Understanding the service exchanges between an organization and its customers can help to better align customer needs with a company’s processes, and where there are exchange friction points, these can serve as opportunities to correct organizational shortcomings, improve brand perception, and bridge the gap between customers and the organization.
The Ministry of Attorney General Tribunal Transformation & Supports Office (TTSO) hired Graphically Speaking to identify strategic process change opportunities for the BC Assessment Authority (BC Assessment).
Working closely with the TTSO and BC Assessment our strategists employed holistic research methods to uncover process friction points and “Service Design” improvement opportunities.
BC Assessment is a provincial Crown corporation that is legislated to establish and maintain an assessment roll of property values throughout the province. Property is placed in one or more of nine property classes that are typically based on the property’s use. Annually, property owners are mailed an assessment notice and valuation determined by BC Assessment.
Property owners seeking clarification about assessment valuations must contact BC Assessment. Alternatively, property owners, or a designate under the Assessment Act, may pursue a complaint or appeal of the assessed value undertaken by BC Assessment. The complaint process allows for the correction of erroneous valuations and omissions related to property assessments.
The Service Design Network (SDN) defines Service Design as:
“…the activity of planning and organizing people, infrastructure, communication and material components of a service in order to improve its quality and the interaction between service provider and customers.
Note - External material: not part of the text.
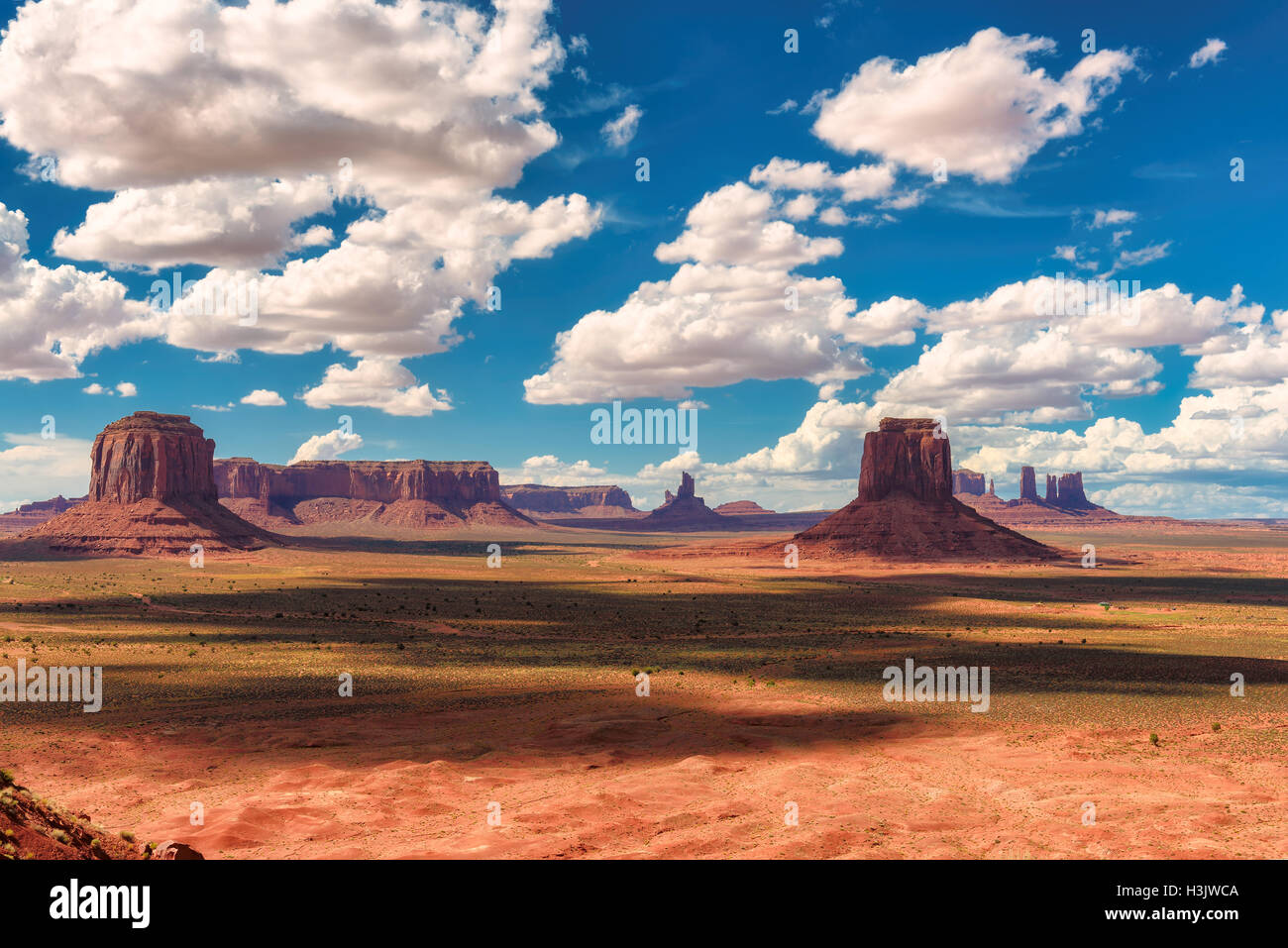 Beaux nuages sur le désert, Monument Valley, Arizona Banque D'Images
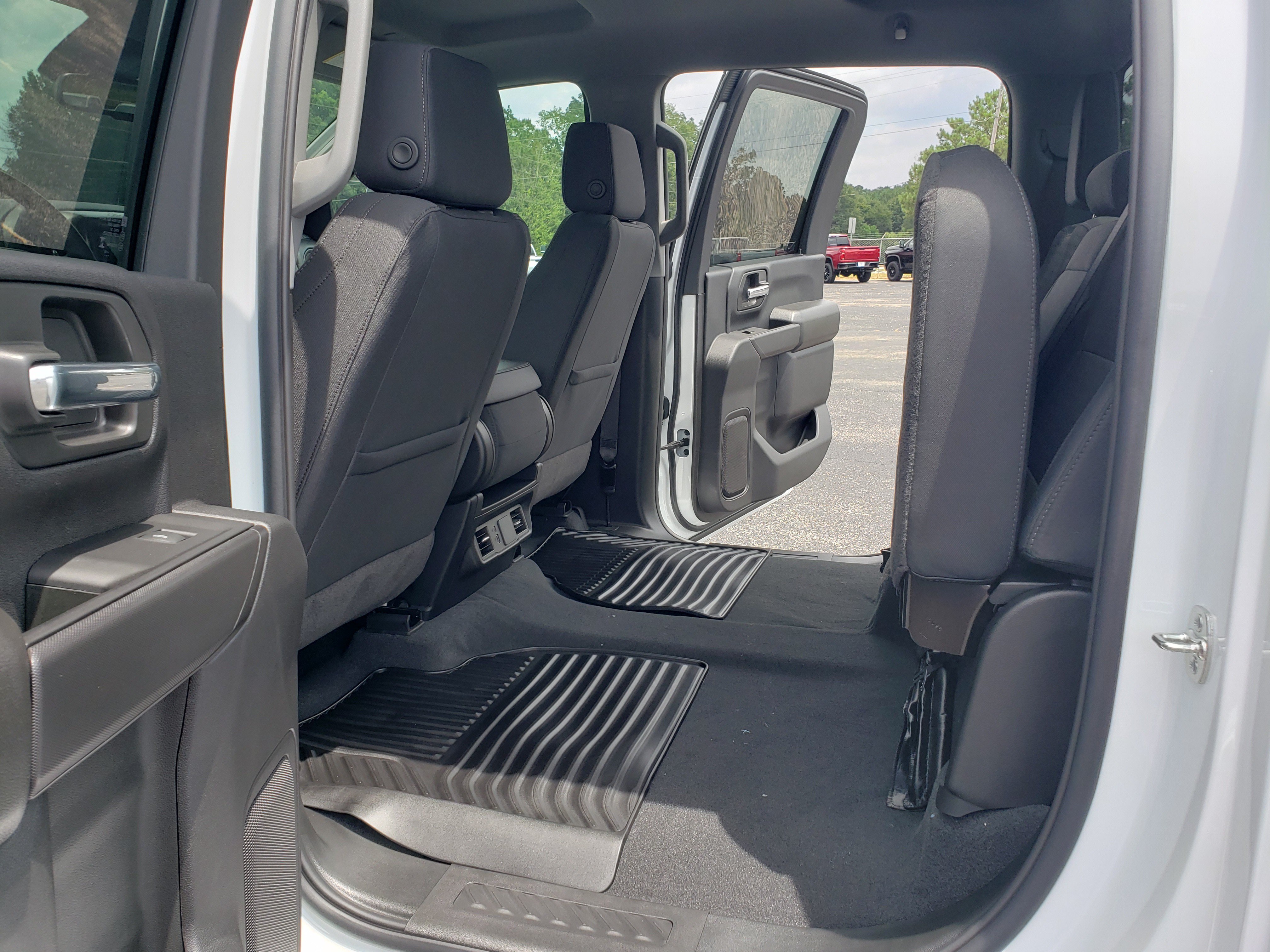 New 2026 Chevrolet Silverado 2500 Custom w/ Custom Value Package AWD/4WD image 32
The purpose of service design methodologies is to design according to the needs of customers or participants, so that the service is user-friendly, competitive and relevant to the customers.”
Individuals that participated in our research included residential and commercial property owners, tax agents, BC Assessment assessors and administrators, Property Assessment Review Panel (PARP) members and administrators, and Property Assessment Appeal Board (PAAB) members.
Project objectives included learning about the complainant’s experience during the process to provide improved opportunities and options for meaningful transformational change.
Service Design Research Activities Include:
- Observing telephone calls at BC Assessment offices
- Interviewing complainants participating in the property assessment complaint and appeal process (in-person, telephone and through surveys)
- Conducting heuristic reviews of the current online assessment review and complaint processes
- Engaging in stakeholder meetings with user groups
- Completing personas and journey mapping studies for residential strata and commercial property types
- Conducting usability testing with typical site users to determine the level of satisfaction with the current online and paper engagement methods
Common themes identified throughout the course of research included additional education opportunities for participants about the complaint and appeal process, dissatisfaction with limited time allotments for hearings, increasing consistency and transparency for decision-making, and the perception of independence between BC Assessment, PARP and PAAB.
To enhance the property assessment complaint and appeal process a variety of options and opportunities were explored and evaluated. We presented four options to streamline and improve the property assessment complaint and appeal process.
“Service Design is all about making the service you deliver useful, usable, efficient, effective and desirable.”
The UK Design Council
Our research approach uncovered valuable service design improvements both in the short and long term. Our team identified several areas of improvement and recommended some progressive technological solutions.
Incremental changes to the process may be more achievable in the short term as it modifies, adjusts, or refines the status quo. However, minor changes do not provide true innovation or lasting improvement. Modernization of the process allows for innovative thinking, development of solutions that are future-focused, and smoother implementation of advanced technological tools that will make the system more transparent, accessible, and fair.